The Bandung Conference gave a voice to newly independent nations in Asia and Africa and demonstrated that they deserve respect as an important force in world politics. During the conference, the Ten Principles of Bandung were adopted, underlining political self-determination, mutual respect for sovereignty and territorial integrity, non-aggression, non-interference in internal affairs and equality of all nations. These principles have been accepted worldwide as part of the basic norms of international relations and international law. In turn, they have also played a significant role in safeguarding the post-war international order and world peace.
Most Asian and African countries suffered the pain of inequality and oppression as colonies of Western countries during the 1800s. They eventually achieved independence through a persistent struggle. They regard state independence and national dignity as core interests and oppose any interference in their domestic affairs. Therefore, it is a consensus that the international community must safeguard the UN Charter and post-war international order as well as principles of international law.
In this sense, AALCO is an important multilateral platform for Asian and African developing countries to enhance cooperation on protecting their legitimate rights and interests and advancing international law toward a more just and rational direction.
Furthermore, advancing the cooperation of legislative and judiciary bodies between member countries could be a major job for the AALCO.
To boost cooperation with other Asian and African developing countries, China will finance a research program on international law to support the development of AALCO, Premier Li announced in his speech.
As a result of expanding political and economic integration worldwide, international laws concerning bilateral and multilateral relations as well as financial cooperation and development will need to be continuously revised.

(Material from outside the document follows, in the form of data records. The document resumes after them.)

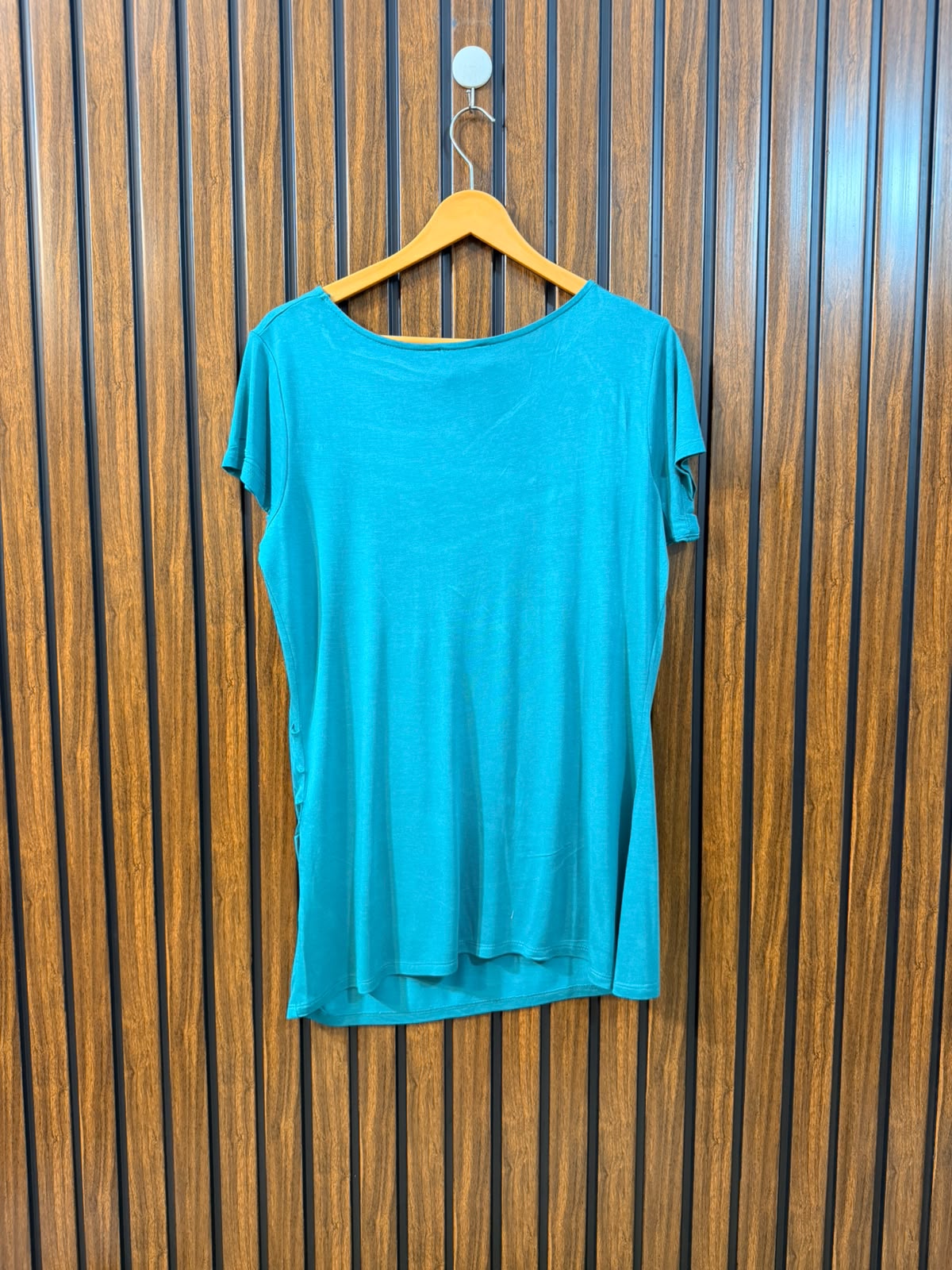 Chest 21  Length 27 Women's Modern T-Shirt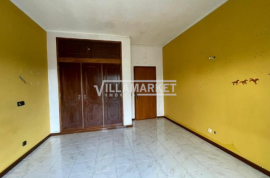 Detached 4 bedroom bank house with 3 floors and 313 m2 of land located near Assentiz in Torres Novas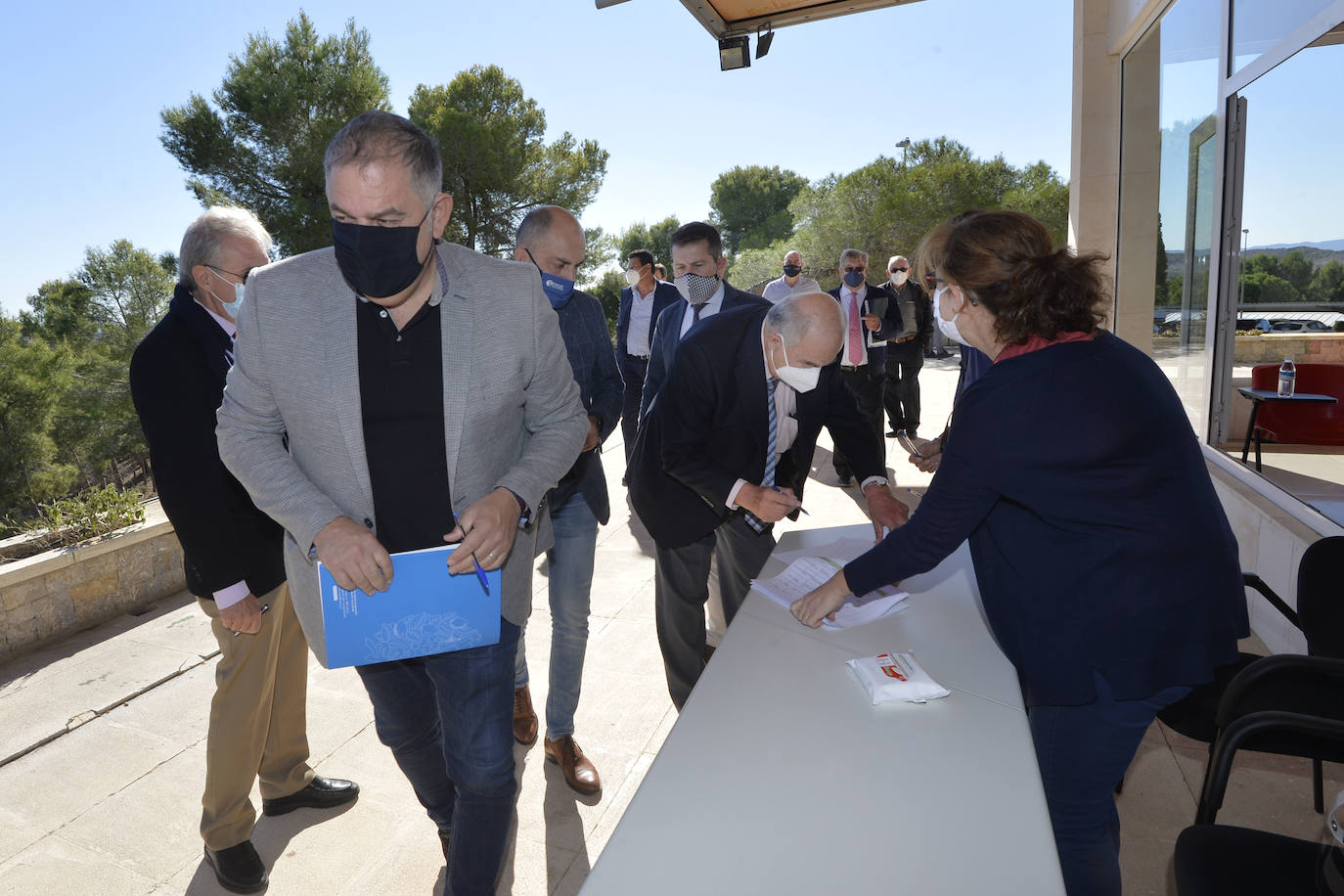 Fotos: Los intereses territoriales dividen el voto del PSOE y PP sobre el acuífero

AALCO will have a unique role to play in increasing Asian and African developing countries' say and influence in this process.
The author is a senior research fellow of the Institute of West Asian and African Studies under the Chinese Academy of Social Sciences
The Asian-African Legal Consultative Organization (AALCO) was formed by its seven original members on November 15, 1956. Headquartered in New Delhi, India, its 47 members comprise almost all the major states from Asia and Africa.
A major goal of AALCO is to serve as an advisory body to its member states in the field of international law and as a forum for Asian-African cooperation in legal matters of common concern.
The plenary organ of AALCO is its annual session, which is usually hosted by its member states on rotation basis.
China joined AALCO in 1983 and Beijing last hosted the annual session in 1990.